During the plea proceeding but after she had waived her right to appeal, the court advised defendant that it would not be bound by the plea agreement to impose the promised sentence of, at most, 4½ years of imprisonment plus five years of postrelease supervision if, among other things, defendant was arrested on new charges prior to sentencing or defendant failed to appear for sentencing. The court further advised defendant that it could impose the maximum sentence if she violated either of those conditions. Defendant was arrested after entering her plea and failed to appear for one of the adjourned sentencing and Outley hearing dates. As a result, the court determined that defendant had violated the terms of her plea agreement and sentenced her to 5½ years in prison with five years of postrelease supervision.
Initially, we note that defendant's waiver of the right to appeal does not encompass her contentions on appeal because the court failed to advise her "of either the conduct that could result in the imposition of an enhanced sentence... or the potential periods of incarceration for an enhanced sentence" before she waived her right to appeal (People v Sundown, 305 A.D.2d 1075, 1075-1076 [4th Dept 2003]; see People v Semple, 23 A.D.3d 1058, 1059 [4th Dept 2005], lv denied 6 N.Y.3d 852 [2006]; cf. People v May, 169 A.D.3d 1365, 1365 [4th Dept 2019]).
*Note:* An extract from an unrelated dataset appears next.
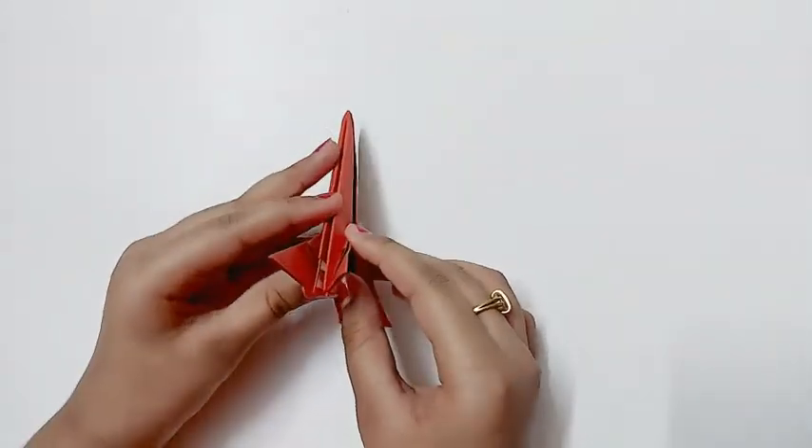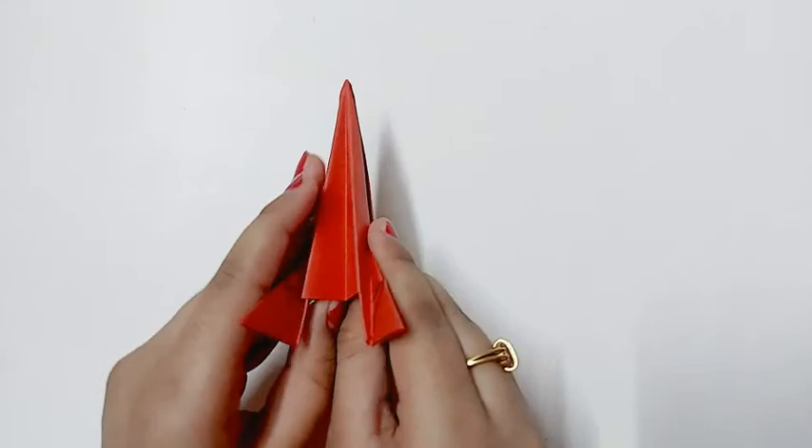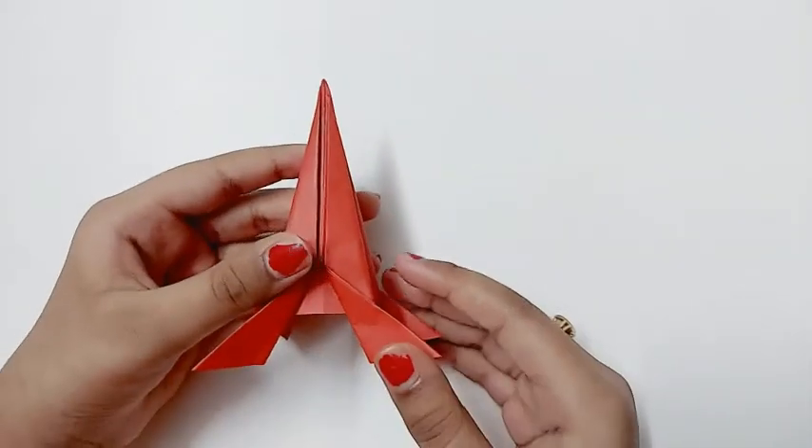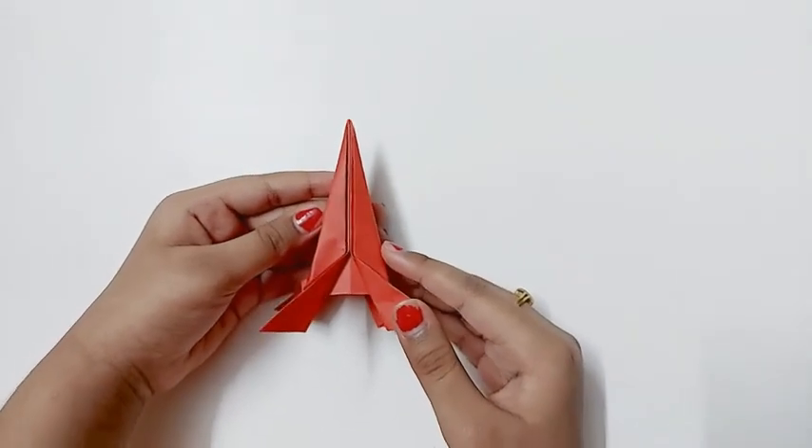Now you're supposed to open it like this, and the paper rocket is ready to play with.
We nevertheless reject defendant's contention that the court erred in imposing an enhanced sentence. Defendant failed to raise in the sentencing court the contention that an enhanced sentence could not be imposed because the People did not establish her arrest, and thus that contention is unpreserved for appellate review (see generally People v Harris, 289 A.D.2d 1068, 1068 [4th Dept 2001], lv denied 98 N.Y.2d 637 [2002]; People v Miles, 268 A.D.2d 489, 490 [2d Dept 2000], lv denied 95 N.Y.2d 800 [2000]). Contrary to defendant's further contention, the court properly determined that there was a legitimate basis for her arrest. At the Outley hearing, the complainant testified that defendant brandished a knife and threatened to stab the complainant before spraying the complainant with pepper spray. The court therefore properly imposed an enhanced sentence on the basis that defendant had violated the "no-arrest condition" of her plea agreement (People v Outley, 80 N.Y.2d 702, 713 [1993]; see People v Fumia, 104 A.D.3d 1281, 1281-1282 [4th Dept 2013], lv denied 21 N.Y.3d 1004 [2013]). In any event, because defendant failed to appear at a scheduled sentencing date, defendant violated another condition of the plea agreement and, on that basis, the court "was no longer bound by the agreed-upon sentence" (People v Henry, 192 A.D.3d 1504, 1505 [4th Dept 2021] [internal quotation marks omitted]; see People v Figgins, 87 N.Y.2d 840, 841 [1995]). Contrary to defendant's assertion, the court warned defendant at the time it adjourned sentencing and scheduled the Outley hearing that her failure to appear could result in an enhanced sentence. We reject defendant's alternative contention that she presented a reasonable excuse for her absence (see People v Gonzales, 231 A.D.2d 939, 940 [4th Dept 1996], lv denied 89 N.Y.2d 923 [1996]).
Finally, we reject defendant's contention that the enhanced sentence is unduly harsh and severe.